The top that goes with the “tasteful lady” ensemble was made from S2614, a Threads pattern for a very useful pullover blouse. I can’t seem to find it on Simplicity’s site. It would be a shame if it’s already out of print! I liked this pattern so much – no zips, no buttons, but a woven top that has a bit more interest than a plain shell. It also had different front pieces based on cup size. I used a mid-weight silk with a stripe woven in. The pattern is supposed to be cut on the bias, but I did it on-grain to have the stripe running up & down. It worked out fine! I can pull it over my head with no trouble, but the covering on my dressform is so grabby that I can’t get it on her to photograph.
I really need to come up with a solution for photos on things I have to model. The camera has a timer and all, I just don’t have a well-lit place to stand that has a corresponding handy shelf to sit the camera on! Everywhere I go, I’m back-lit. I’ve thought of actually taking photos of myself in a store fitting room, but don’t really want to do that. I know I wouldn’t like it if someone in the next booth from me was snapping photos.
This pattern is for a very nice wardrobe – the top and dress are so attractive, but the piece I really love is the swingy jacket with ¾ sleeves. One of Gigi’s jackets last year was the HP Riviera Blvd, which she did in double knit – at least I remembered it that way. Gigi’s fab jacket
I had this nice wool double knit and wanted to do something similar, but was not willing to try the HP collar in this fabric. The V1100 jacket reminded me a little of the HP – must have been the pocket flaps. So, I struck out boldly even though the pattern is for a lined woven, and I was going with an unlined knit.
The spongy nature of the fabric made the walking foot a must. And I really didn’t think ahead to how many layers I’d have to sew through to make the pleats! Although I have to say I wouldn’t do it again, I’m pleased with the way the jacket turned out and am looking forward to wearing it. The style and color say “spring!” to me.
Cuffs were heavy and had to be slip-stitched to the sleeves to keep them in place.
Since this was a nice non-ravelly knit, I did not finish the seams. However, the seams at the neckline and cuff, which could potentially be irritating when worn, were covered with a silk bias band.
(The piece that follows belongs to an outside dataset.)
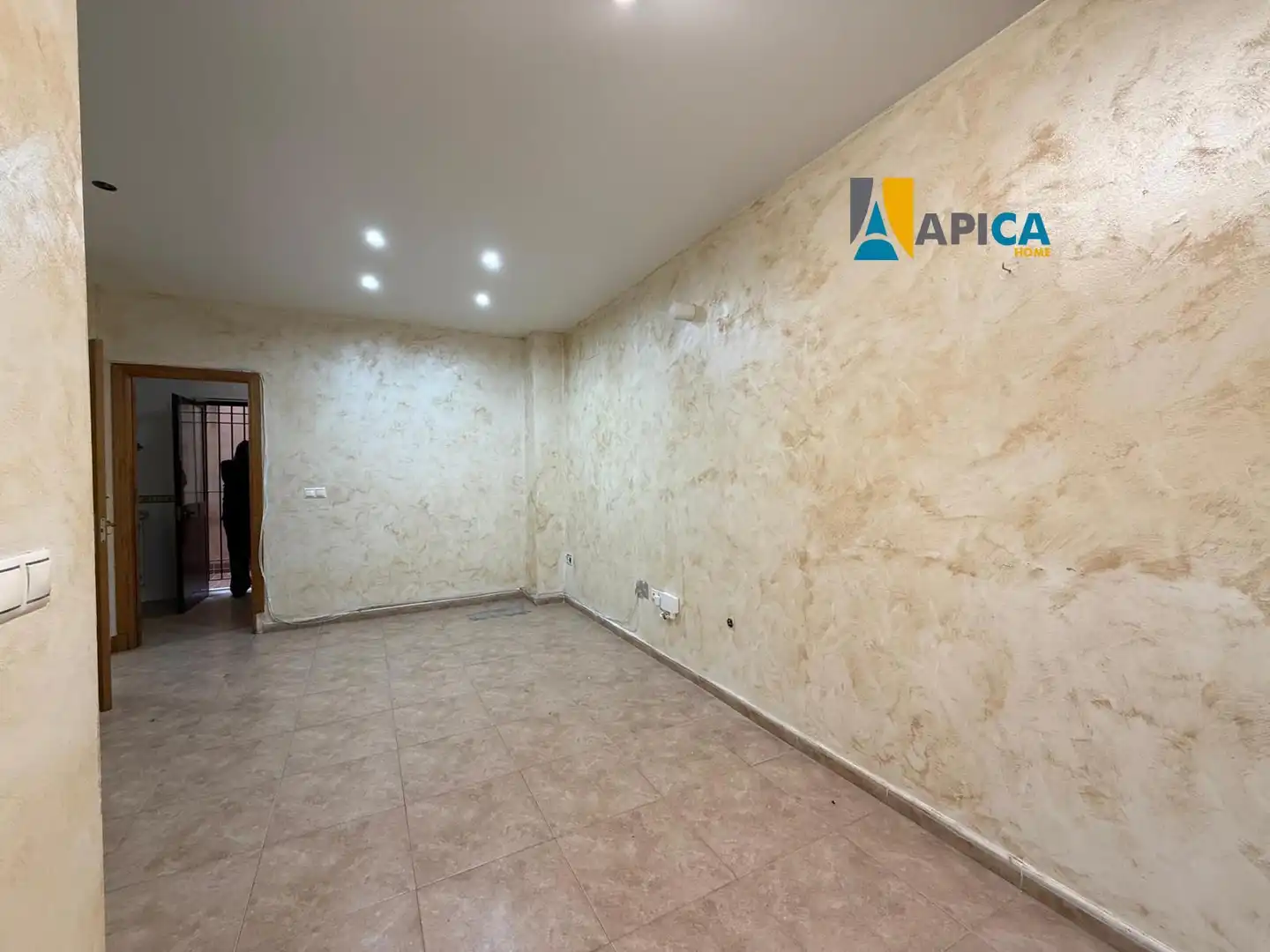Houses for sale in Chiclana de la Frontera  with Terrace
The button is a tagua nut slice.
I also plan to make pants and a top to go with this jacket. The pants will be the new HotPatterns slouchy jean – I have been waiting for a pattern like this for a long time! I have already done a muslin for fitting, and although I had several alterations to make, the pattern was very easy to fit. A wedge here and a wedge there, and I am good to go!
And I have a pretty silk charmeuse for a top. I like the top included in V1100, but it looks like it would try my patience in charmeuse. Instead, I’ve chosen the very similar S2455 – same idea, but without the cutout below the neckband.
I also want to post about my activities during the 4 days the winter weather had me housebound, but this entry is getting long, so I will save that for another time.